A defendant may establish improper joinder in two ways: (1) actual fraud in the pleading of jurisdictional facts, or (2) inability of the plaintiff to establish a cause of action against the non-diverse party in state court.  Only the second method of proving improper joinder is at issue here.  To show that a plaintiff cannot establish a cause of action against the non-diverse party in state court, a defendant must show that there is no possibility of recovery by the plaintiff against an in-state defendant, which stated differently means that there is no reasonable basis for the district court to predict that the plaintiff might be able to recover against an in-state defendant.  The court may conduct a Rule 12(b)(6)-type analysis, looking initially at the allegations of the complaint to determine whether the complaint states a claim under state law against the in-state defendant.  But when a plaintiff has misstated or omitted discrete facts that would determine the propriety of joinder then the district court may, in its discretion, pierce the pleadings and conduct a summary inquiry.  Importantly, to determine whether a plaintiff has improperly joined a non-diverse defendant, the district court must examine the plaintiff’s possibility of recovery against that defendant at the time of removal.

Advanced argues that removal of this case based on Acadia’s post-suit, pre-removal Section 542A.006 election violates the voluntary-involuntary rule.  This judicially created rule dictates that an action nonremovable when commenced may become removable thereafter only by the voluntary act of the plaintiff.  Advanced contends that because the Section 542A.006 election was an action of a defendant, rather than the plaintiff, it cannot make the case removable.

Today we adopt the latter approach, which is a natural extension of our precedent.
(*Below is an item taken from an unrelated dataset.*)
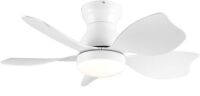 Wellspeed 30 inch&nbsp;Ceiling Fan with Lights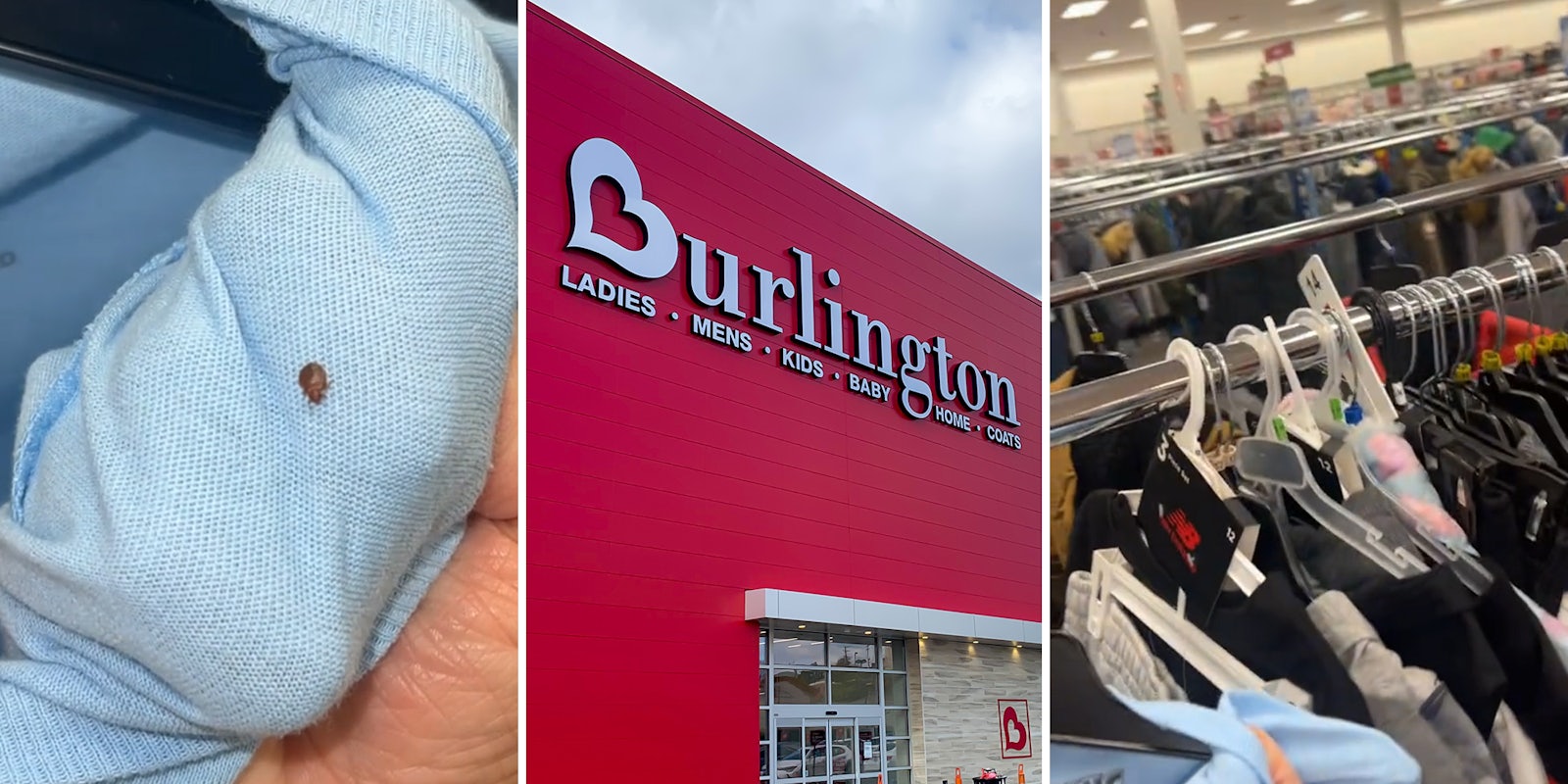 Burlington customer records bedbugs crawling on clothes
Indeed, courts have long recognized an exception to the voluntary-involuntary rule where a claim against a nondiverse or in-state defendant is dismissed on account of fraudulent joinder.  Moreover, our en banc court stressed that to determine whether a plaintiff has improperly joined a non-diverse defendant, the district court must examine the plaintiff’s possibility of recovery against that defendant at the time of removal.

Advanced makes a second, and related, argument based on the language of Section 542A.006.   The statute provides that when an insurer elects to accept responsibility for an agent before an action is filed, no cause of action exists against the agent related to the claimant’s claim, and, if the claimant files an action against the agent, the court shall dismiss that action with prejudice.  But when an insurer elects to accept responsibility for an agent after an action is filed, the statute provides that “the court shall dismiss the action against the agent with prejudice.”  Advanced argues that because Acadia elected to accept responsibility for Warren after suit was filed, Warren was properly joined as Section 542A.006(c), rather than Section 542A.006(b), applies, and Section 542A.006(c) excludes the language “no cause of action exists against the agent related to the claimant’s claim.”

We hold that Advanced’s argument is unavailing because it fails to consider that the district court must examine the plaintiff’s possibility of recovery against that defendant at the time of removal.  Because Acadia elected to accept liability for Warren before removal, even though suit had already been filed, the statute required that the court shall dismiss the action against the agent with prejudice.   At the time of removal, then, it would have been proper for the district court to find that there is no possibility of recovery by Advanced against an in-state defendant—here, Warren.   Accordingly, the differences between Sections 542A.006(b) and 542.006(c) are not material as long as the insurer elects to accept liability for the agent before removal.